On page 245 of Weibel's An introduction to homological algebra, he assigns the following as an exercise:
The image of $c_M$ in the matrix ring $\operatorname{End}_k(M)$ is $r/m$ times the identity matrix.
Here's how the stuff in the exercise is defined:
- $\mathfrak{g}$ is a semisimple Lie algebra over a field $k$ of characteristic 0.
- $M$ is an $m$-dimensional $\mathfrak{g}$-module (not assumed irreducible).
- $r=\dim (\operatorname{im}(\rho))$, where $\rho\colon \mathfrak{g}\to \operatorname{End}_k(M)$ is the structure map.

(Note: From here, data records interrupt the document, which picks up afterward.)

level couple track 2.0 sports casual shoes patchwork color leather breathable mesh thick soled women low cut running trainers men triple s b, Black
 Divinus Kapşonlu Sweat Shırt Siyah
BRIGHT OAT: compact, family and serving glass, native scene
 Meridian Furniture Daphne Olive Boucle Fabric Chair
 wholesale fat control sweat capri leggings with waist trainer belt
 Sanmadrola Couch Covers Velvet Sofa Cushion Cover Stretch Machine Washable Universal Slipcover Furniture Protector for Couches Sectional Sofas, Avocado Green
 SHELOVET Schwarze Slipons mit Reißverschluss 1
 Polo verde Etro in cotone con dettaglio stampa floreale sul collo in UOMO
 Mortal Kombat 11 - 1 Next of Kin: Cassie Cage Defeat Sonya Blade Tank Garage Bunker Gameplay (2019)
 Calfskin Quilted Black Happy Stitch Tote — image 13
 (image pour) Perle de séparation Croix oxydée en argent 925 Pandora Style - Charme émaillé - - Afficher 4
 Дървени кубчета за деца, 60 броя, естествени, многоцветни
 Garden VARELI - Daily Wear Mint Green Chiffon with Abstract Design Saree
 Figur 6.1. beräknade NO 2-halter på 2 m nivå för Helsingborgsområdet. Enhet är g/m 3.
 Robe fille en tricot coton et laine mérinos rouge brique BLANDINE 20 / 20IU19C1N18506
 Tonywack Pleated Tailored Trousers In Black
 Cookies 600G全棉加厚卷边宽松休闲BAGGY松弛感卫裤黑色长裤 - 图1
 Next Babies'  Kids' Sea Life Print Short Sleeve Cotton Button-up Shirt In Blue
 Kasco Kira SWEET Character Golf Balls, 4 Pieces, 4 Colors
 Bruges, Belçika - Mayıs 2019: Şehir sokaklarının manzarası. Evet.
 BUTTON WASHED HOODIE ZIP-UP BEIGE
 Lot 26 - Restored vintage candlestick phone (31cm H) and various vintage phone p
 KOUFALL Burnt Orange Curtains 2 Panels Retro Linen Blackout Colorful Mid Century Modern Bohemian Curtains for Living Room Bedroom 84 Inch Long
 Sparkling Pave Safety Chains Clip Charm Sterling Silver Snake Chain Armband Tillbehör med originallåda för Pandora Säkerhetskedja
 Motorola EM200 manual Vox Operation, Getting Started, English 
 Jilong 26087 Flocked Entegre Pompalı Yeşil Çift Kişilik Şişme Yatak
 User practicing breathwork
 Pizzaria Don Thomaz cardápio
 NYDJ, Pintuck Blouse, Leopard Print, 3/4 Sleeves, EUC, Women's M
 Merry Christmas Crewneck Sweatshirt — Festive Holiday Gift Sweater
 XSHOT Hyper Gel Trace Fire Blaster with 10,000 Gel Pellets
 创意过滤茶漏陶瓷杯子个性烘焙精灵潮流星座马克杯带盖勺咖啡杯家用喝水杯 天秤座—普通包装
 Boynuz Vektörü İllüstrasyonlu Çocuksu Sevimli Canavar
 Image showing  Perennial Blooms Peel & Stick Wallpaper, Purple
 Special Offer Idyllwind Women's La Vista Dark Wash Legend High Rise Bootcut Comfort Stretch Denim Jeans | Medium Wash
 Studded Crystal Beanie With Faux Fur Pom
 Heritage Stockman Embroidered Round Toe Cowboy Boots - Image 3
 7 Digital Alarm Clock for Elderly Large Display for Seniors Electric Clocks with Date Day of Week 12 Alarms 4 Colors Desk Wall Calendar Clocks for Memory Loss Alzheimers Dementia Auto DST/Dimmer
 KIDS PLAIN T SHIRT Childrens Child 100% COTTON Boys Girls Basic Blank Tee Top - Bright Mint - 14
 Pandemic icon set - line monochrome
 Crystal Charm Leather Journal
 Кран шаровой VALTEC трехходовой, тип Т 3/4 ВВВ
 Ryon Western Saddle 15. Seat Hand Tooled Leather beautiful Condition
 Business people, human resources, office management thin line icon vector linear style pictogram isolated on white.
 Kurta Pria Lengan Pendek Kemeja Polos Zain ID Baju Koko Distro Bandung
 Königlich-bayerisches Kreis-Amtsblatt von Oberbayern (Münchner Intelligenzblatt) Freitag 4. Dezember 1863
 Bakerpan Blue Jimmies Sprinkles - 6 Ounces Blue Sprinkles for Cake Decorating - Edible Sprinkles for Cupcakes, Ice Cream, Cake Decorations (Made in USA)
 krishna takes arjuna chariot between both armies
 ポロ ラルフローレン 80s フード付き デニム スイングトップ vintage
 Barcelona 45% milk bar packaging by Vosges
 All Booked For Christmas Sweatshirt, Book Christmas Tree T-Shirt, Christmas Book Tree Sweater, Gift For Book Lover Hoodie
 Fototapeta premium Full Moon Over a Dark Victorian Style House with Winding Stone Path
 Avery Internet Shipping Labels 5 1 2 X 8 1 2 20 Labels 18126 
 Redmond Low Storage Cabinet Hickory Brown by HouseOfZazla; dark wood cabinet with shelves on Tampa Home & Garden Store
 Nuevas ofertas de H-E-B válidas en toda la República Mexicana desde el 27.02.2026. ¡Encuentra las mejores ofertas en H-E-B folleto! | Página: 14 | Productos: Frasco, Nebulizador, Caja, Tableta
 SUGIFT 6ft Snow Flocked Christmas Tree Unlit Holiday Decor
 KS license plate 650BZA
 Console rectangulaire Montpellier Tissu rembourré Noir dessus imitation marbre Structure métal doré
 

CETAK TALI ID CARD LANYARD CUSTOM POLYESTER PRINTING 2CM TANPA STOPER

- $c_M$ is the Casimir operator for $M$:
... $\mathfrak{g}\cong \mathfrak{h}\times \ker(\rho)$, $\mathfrak{h}\subseteq\mathfrak{gl}_m$, and the bilinear form $\beta$ on $\mathfrak{h}$ is nondegenerate by Cartan's criterion 7.8.4. Choose a basis $\{e_1,\ldots,e_r\}$ of $\mathfrak{h}$; by linear algebra there is a dual basis $\{e^1,\ldots,e^r\}$ of $\mathfrak{h}$ such that $\beta(e_i,e^j)=\delta_{ij}$. The element $c_M=\sum e_ie^i\in U\mathfrak{g}$ is called the Casimir operator for $M$;...
My Question
I seem to get a different answer when I compute this for $\mathfrak{g}=\mathfrak{sl}_2$.
Let $M$ be the irreducible representation of $\mathfrak{sl}_2$ with highest weight $2$. Then $\rho$ is injective, and therefore (using the usual basis $h,x,y$ of $\mathfrak{sl}_2$) we get $$c_M=\frac{h^2}{2}+h+2yx.$$ Computing the action of $c_M$ on a highest weight vector $v$ of $M$, we get $$c_Mv = \left(\frac{h^2}{2}+h+2yx\right)v = 4.$$ However, $r=\dim(\mathfrak{sl}_2)=3$ and $m=\dim(M)=3$, so the exercise from Weibel would predict that $$c_Mv = v.$$
What am I missing?